European equity funds faced their first monthly outflow in two years in March as the Russia-Ukraine conflict and rising energy prices hurt prospects for profit growth and margins this year.

According to Refinitiv Lipper, European equity funds witnessed an outflow of $27 billion last month, their first outflow since March 2020.

At the same time, U.S. equity funds received $20 billion, and Asian equity funds obtained $8.7 billion in March, the data showed.
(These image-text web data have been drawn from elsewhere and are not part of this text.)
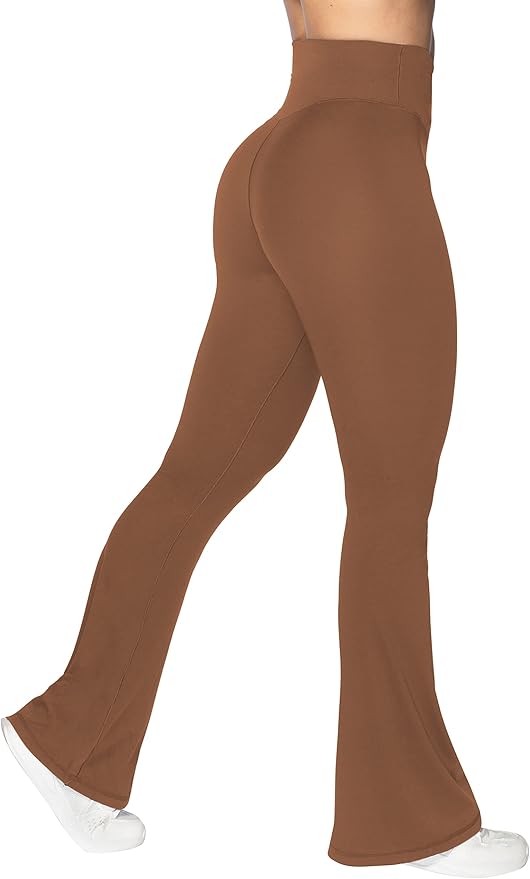 Sunzel Flare Leggings, Crossover Yoga Pants with Tummy Control, High-Waisted and Wide Leg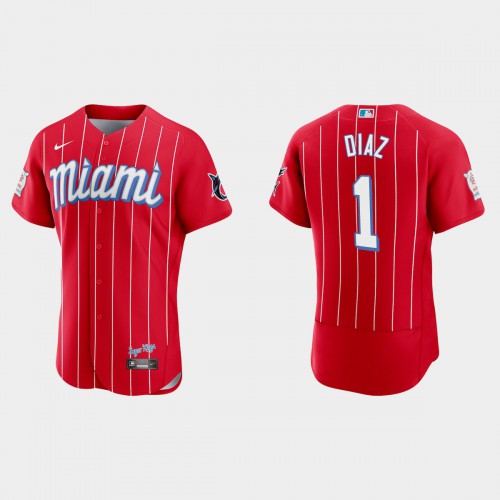Miami Miami Marlins #1 Isan Diaz Men’s Nike 2021 City Connect Authentic MLB Jersey Red Men’s->miami heat->NBA Jersey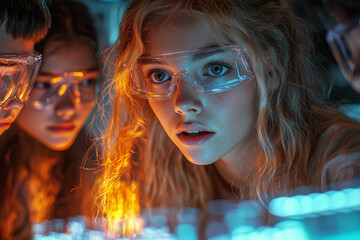 Poster - a group of teens collaborating on a science project in a high-tech lab, surrounded by colorful exper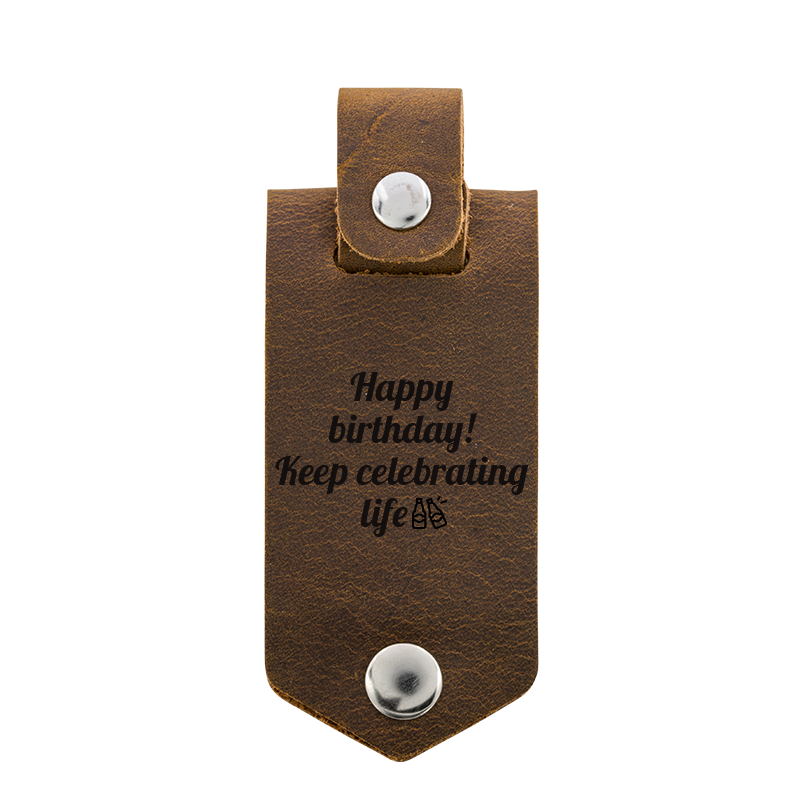 Personalized Genuine Leather Photo Holder Keyring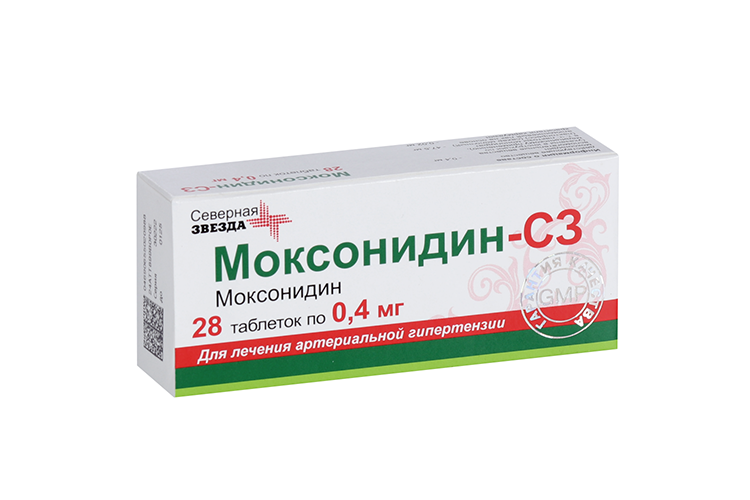 Моксонидин-СЗ 0.4 мг, 28 шт, таблетки покрытые пленочной оболочкой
The divergence in flows highlights investors’ reluctance to be exposed to markets deemed vulnerable to the ongoing conflict and on account of Europe’s higher trade links with Russia and Ukraine.
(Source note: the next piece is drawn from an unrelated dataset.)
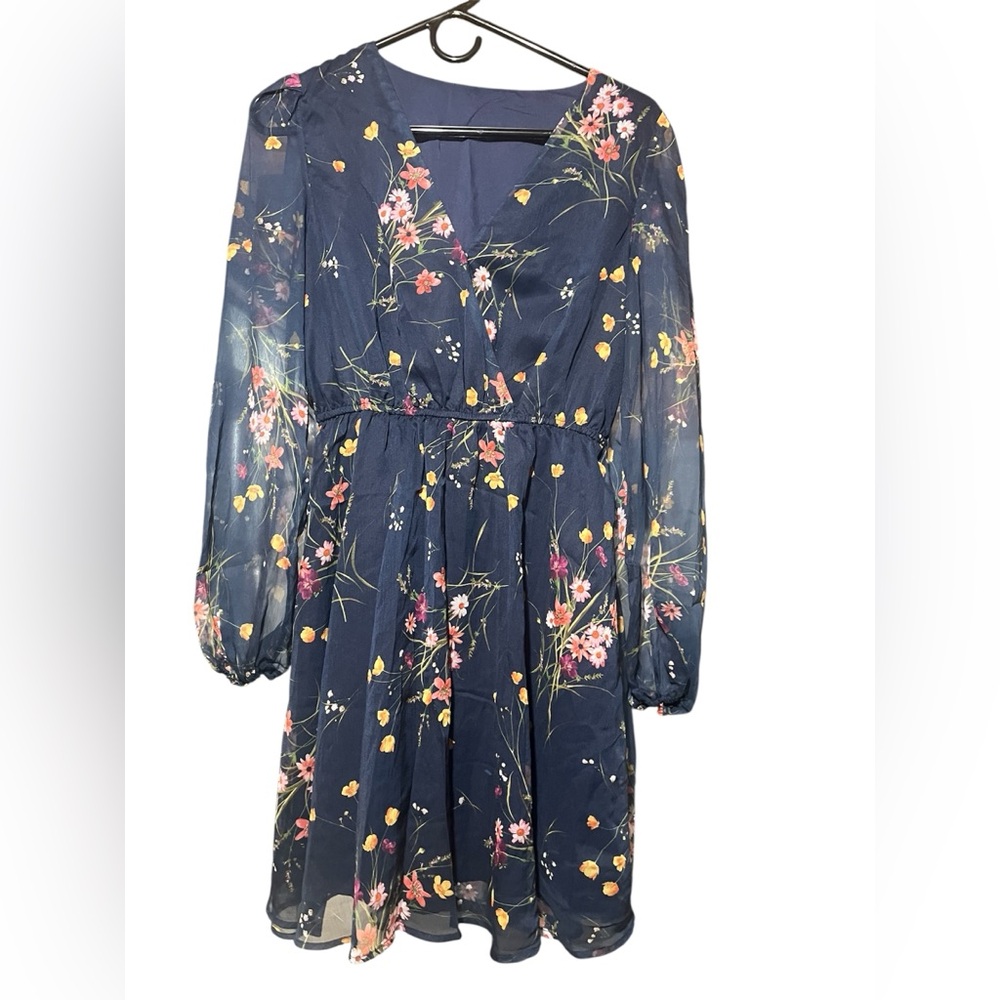 Cupshe Floral Sheer Long Sleeve Dress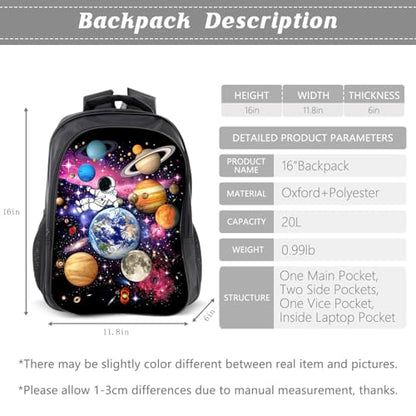 Kids Backpack School Bookbag 16inch Schoolbag With Lunch Box Bag And Pencil Case Set For Boys Girls - color: Space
Analysts expect higher inflation levels will raise companies’ input costs and squeeze their profit margins.

Euro zone inflation surged to a record 7.5% in March, as the war in Ukraine and sanctions on Russia pushed fuel and natural gas prices to record highs.

“The growth outlook is slowing,” Sarah McCarthy, analyst at Bernstein, said in a note.
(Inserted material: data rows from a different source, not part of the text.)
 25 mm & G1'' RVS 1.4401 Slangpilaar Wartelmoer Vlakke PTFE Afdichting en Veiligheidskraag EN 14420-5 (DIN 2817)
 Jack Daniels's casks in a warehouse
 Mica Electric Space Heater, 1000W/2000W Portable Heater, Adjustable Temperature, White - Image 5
“It is easy to raise prices to counteract increases in input costs when the economy is roaring, less easy in a slowdown.”

The data showed Zwitserleven Duurzaam Index Aandelenfonds Europa had outflows worth $912 million, while BlackRock European Dynamic A Acc and iShares MSCI Eurozone ETF faced outflows worth $503 million and $468 million respectively last month.

Last month, Morgan Stanley lowered its earnings per share growth forecast for Europe to 3% in 2022 from its earlier forecast of 10%.

“With real GDP growth set to fall below inflation in 2022, margins could fall about 100 basis points this year,” the brokerage said.

According to Refinitiv data, Euro zone’s large and mid-cap companies’ earnings are expected to grow 4.4% this year, much lesser than the U.S. firms’ growth of 10.3% and Asia’s 15.3%.

Europe’s STOXX 600 has declined 6% so far this year.

According to Refinitiv data, MSCI Europe’s forward 12-month price-to-earnings ratio stood at 13.9, which is roughly a 20% discount to the MSCI World index’s P/E of 17.4.